I would like for someone to check my proof of the uniqueness of the Fitting decomposition of an endomorphism $f$ over a finite space $V$.
Suppose $U,W$ are two subspaces of $V$ s.t.
- $U \oplus W = V$
- $f\left(U\right) \subseteq U, f\left(V\right) \subseteq V$: this property is called $f$-invariance
- $f_U: U \to U$ is nilpotent
- $f_W: W \to W$ is an isomorphism
Then $U = F_0, W = F_1$ where $F_0,F_1$ are the Fitting modules of $f$
Proof:
- Because $f_U$ is nilpotent, $F_0\left(f_U\right) = U \implies U \subseteq F_0\left(f\right)$
- Suppose there exists $v \in W \cap F_0\left(f\right), v \neq 0$. Because $f_W$ is injective and $W$ is $f$-invariant, $f\left(v\right) \in W - \left\{0\right\} \implies \forall n \in \mathbb{N}, f^n\left(v\right) \neq 0$, and so $v \not\in F_0\left(f\right)$, contradiction. This implies that $W \cap F_0\left(f\right) = \{0\}$
- Because $W \oplus U = V$ and $U \subseteq F_0$, this means that $V \subseteq W \oplus F_0$, but because $W,F_0 \subseteq V$, $W \oplus F_0 \subseteq V$. Applying the Grassmann formula, we get that $\dim U = \dim F_0$, which implies that $U = F_0$
- Let's set $n$ to be an integer s.t. $\ker f^n = F_0 = U$, and suppose $\exists w \in W, w \not\in F_1$. Now, because $f_W$ is surjective, there exists $w^\star \in W$ s.t. $f^n\left(w^\star\right) = w$ and because $F_0 \oplus F_1 = V$ there are $u \in F_0, v \in F_1$ s.t. $u + v = w^\star$. In particular, this means that $f^n\left(u + v\right) = f^n\left(w^\star\right) = w$, which is equal to $f^n\left(v\right)$ because $u \in F_0$. Recall that $F_1$ is $f$-invariant, which means that $w \in F_1$, contradicting our choice of $w$. This means that $W \subseteq F_1$
- With the same reasoning of point 3, we can conclude that $W = F_1$ Q.E.D.

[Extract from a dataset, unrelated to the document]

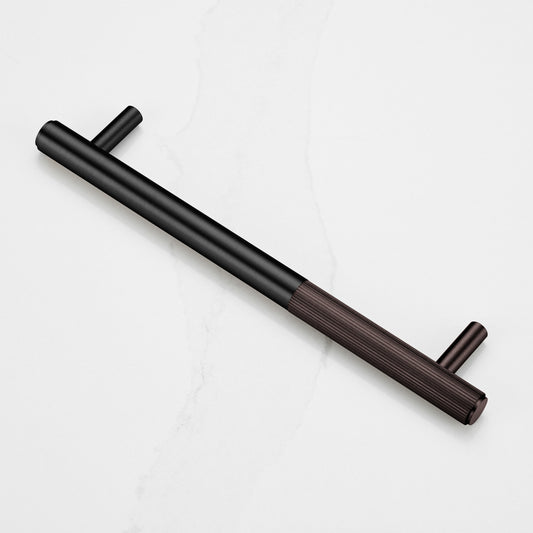 Black Brass Linear Cabinet Handle with Tip in Bronze
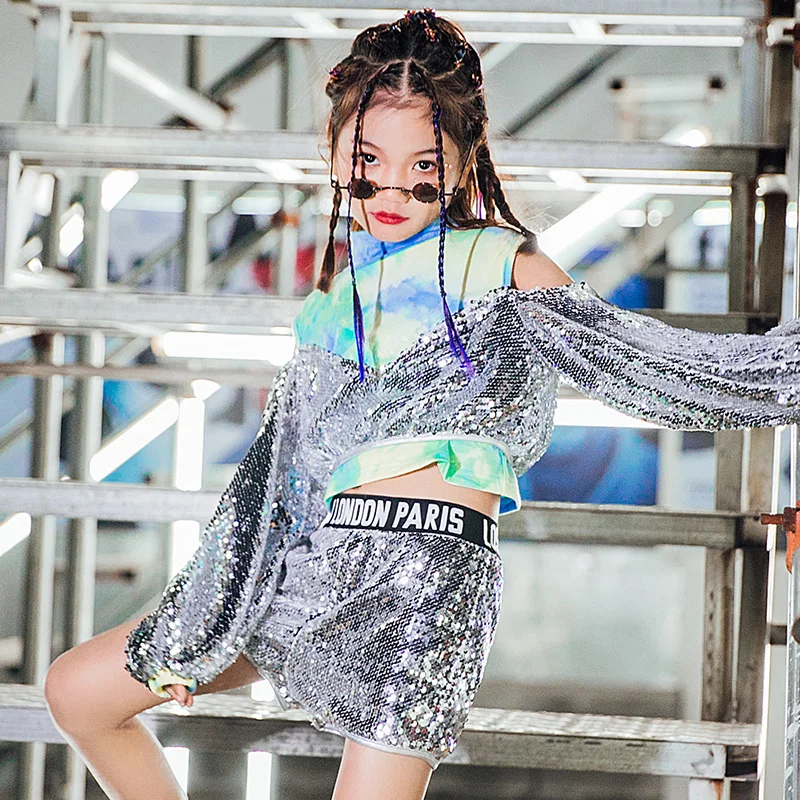 

Shiny Silver Sequin Suit For Kids HipHop Jazz Dance Outfits Girls Street Dance Performance Clothing Catwalk Show Costume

I think your reasoning is correct, but you can be a bit more concise:
Given the decomposition $V = W \oplus U$, since $f_{|U}$ is nilpotent, there is a $k>0$ (in fact for all sufficiently large $k$) such that $f^k(U)=0$, and, since $f(W)=W$, it follows that $$ f^k(V)=f^k(U\oplus W) = f^k(U)+f^k(W) = 0+f^k(W)=f^k(W)=W. $$ Thus $U\subseteq \text{ker}(f^k)$ and $W= f^k(V)$ hence $$ \dim(U)+\dim(W) \leq \dim(\text{ker}(f^k))+\dim(f^k(V)) = \dim(V), $$ hence as $V = U \oplus W$, $U = \text{ker}(f^k)$ and $W = f^k(V)$. It follows $U$ and $W$ are unique if they exist, and to see that one just has to show that $f^k(V) \cap \text{ker}(f^k)=\{0\}$, but this is clear since if $u\in \text{ker}(f^k)\cap f^k(V)$ then $f^k(u)=0$ since $u\in \text{ker}(f^k)$ but as $u \in f^k(V)$, we have $f^k(u)=0$ if and only if $u=0$.